1. A person is chosen at random. Given that the person chosen goes camping, find the probability that the person goes abroad.
2. A group of \(n\) people is chosen randomly. The probability of all the people in the group taking a holiday in their own country is less than 0.002 . Find the smallest possible value of \(n\).

1 On each day that Tamar goes to work, he wears either a blue suit with probability 0.6 or a grey suit with probability 0.4 . If he wears a blue suit then the probability that he wears red socks is 0.2 . If he wears a grey suit then the probability that he wears red socks is 0.32 .

1. Find the probability that Tamar wears red socks on any particular day that he is at work.
2. Given that Tamar is not wearing red socks at work, find the probability that he is wearing a grey suit.

2 Ivan throws three fair dice.

1. List all the possible scores on the three dice which give a total score of 5 , and hence show that the probability of Ivan obtaining a total score of 5 is \(\frac { 1 } { 36 }\).
2. Find the probability of Ivan obtaining a total score of 7.
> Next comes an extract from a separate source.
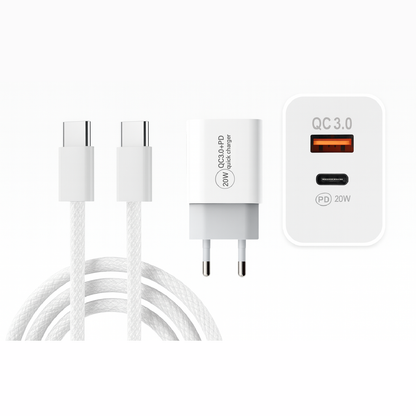 ŁADOWARKA Szybkie Ładowanie do Telefonów 20W + KABEL SZYTY USB-C 1M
5 Rachel and Anna play each other at badminton. Each game results in either a win for Rachel or a win for Anna. The probability of Rachel winning the first game is 0.6 . If Rachel wins a particular game, the probability of her winning the next game is 0.7 , but if she loses, the probability of her winning the next game is 0.4 . By using a tree diagram, or otherwise,

1. find the conditional probability that Rachel wins the first game, given that she loses the second,
2. find the probability that Rachel wins 2 games and loses 1 game out of the first three games they play.